McCarthy spoke to reporters on Friday and told them that he did not intend to step down. “I have never quit on anything in my life,” McCarthy said. “The mayor has made it very clear that he has my back. If people peel away the onion on what’s happening right now in the policing world, you’re going to find a police department that is doing an exceptional job, and quite frankly I’m not going to quit on the people of Chicago, and I’ll never quit on these men and women.”
Even before the release of the video, members of the Chicago Urban League (an association of black city council members) had pushed for McCarthy’s dismissal over the increasing homicide rate in the city in 2015. There were also complains over the police chief’s minimal endeavors to employ and promote African-American officers. The League members also had the intention to advance a vote of no-confidence against McCarthy this month.
Demands for McCarthy’s dismissal increased over the last week, after the video was released. Demonstrators took to the streets, demanding McCarthy’s firing as they shouted, “16 shots and a cover up!”

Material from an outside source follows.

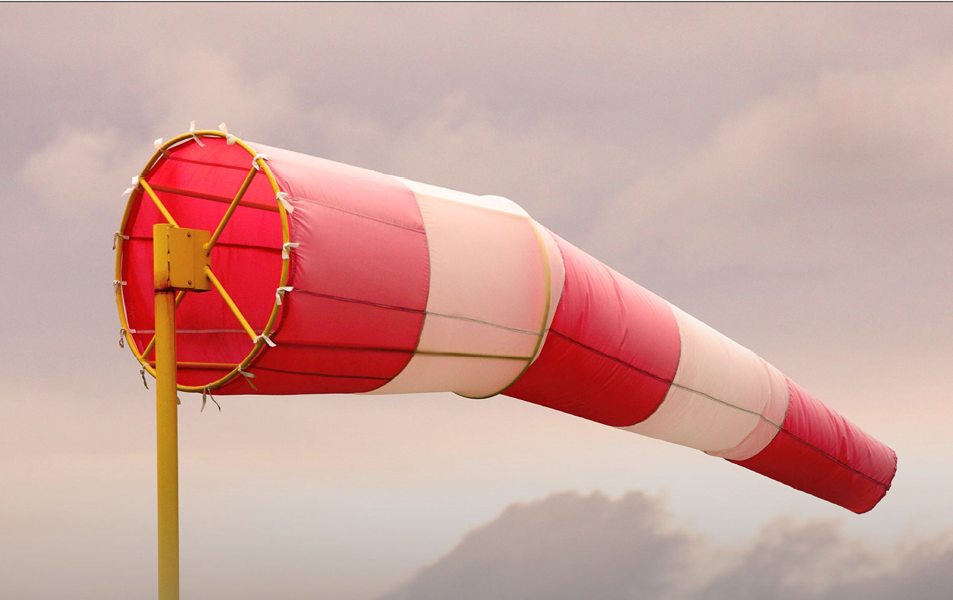 Strong winds and dust storms to hit northern governorates of Oman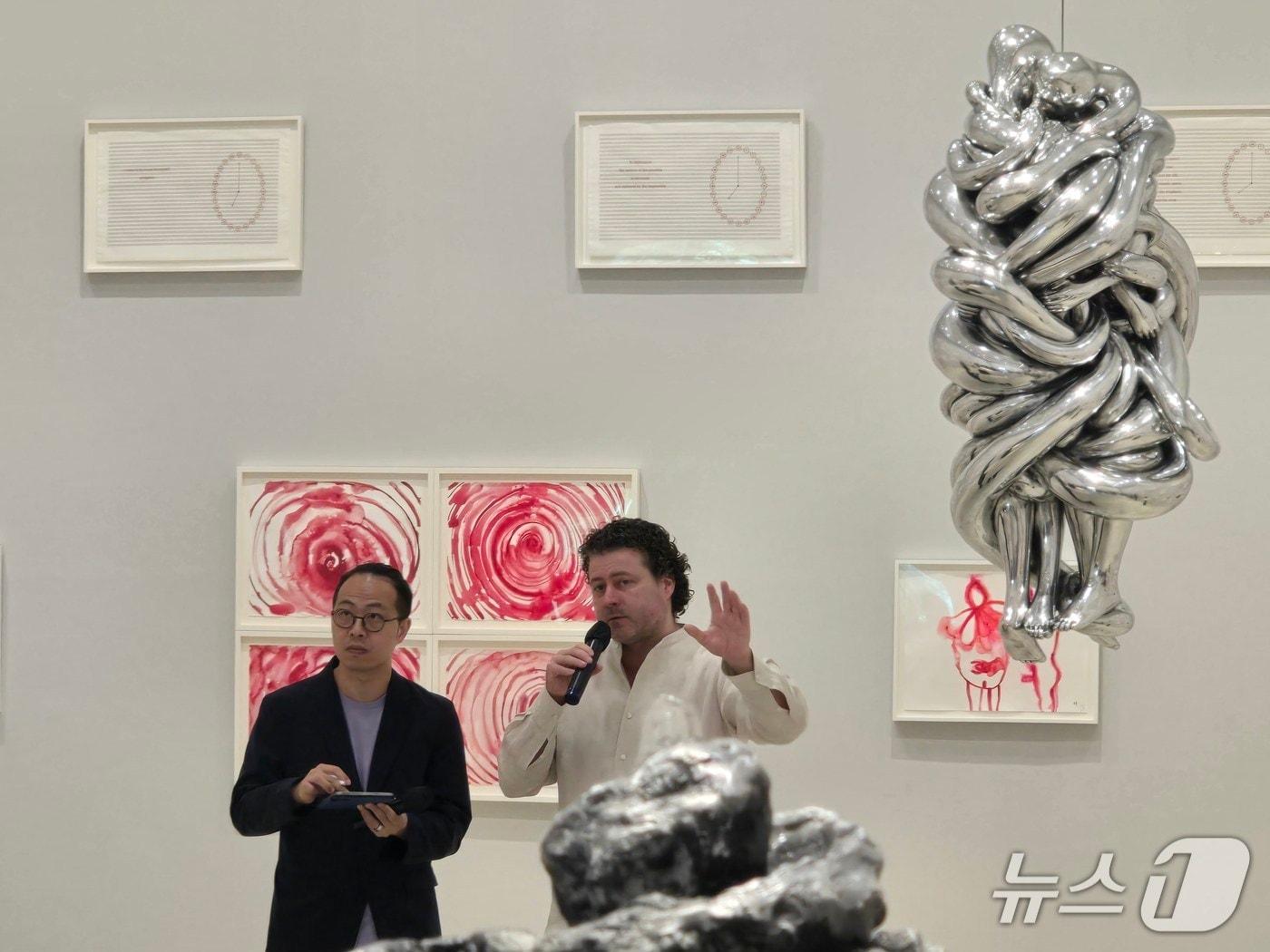 본문 이미지 - 2일 국제갤러리에서 열린 기자간담회에서 부르주아의 작품을 소장·운영하는 ‘이스턴 파운데이션’의 필립 라랏-스미스 큐레이터(오른쪽)가 작품을 설명하고 있다. ⓒ 뉴스1 김정한 기자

McCarthy, 56, began his career at the New York police department at the age of 22. He steadily rose through the ranks to become NYPD’s Deputy Commander of Operations. In 2006, he was appointed as police director in Newark, New Jersey. Mayor Emanuel hired him as the superintendent of the Chicago Police Department shortly after taking office in May 2011.
In the video dated October 20, 2014, McDonald is seen walking in the middle of the street. He seems to be walking away from the police when he is first hit. According to the prosecuting attorneys, Van Dyke fired at McDonald 16 times in a span of 15seconds. The other five officers who were present at the time of the shooting held their fire.
Van Dyke was charged and later suspended without pay. He was freed from jail after paying $1.5million bail.
Police stated that they were trailing McDonald after receiving a 911 call that the teenager was breaking into cars and brandishing a knife. The prosecution said that he had deflated a squad car tire using his knife just before being shot. He was later found holding a knife with a 3-inch blade and his system intoxicated with PCP (popularly known on the streets as “Angel Dust”).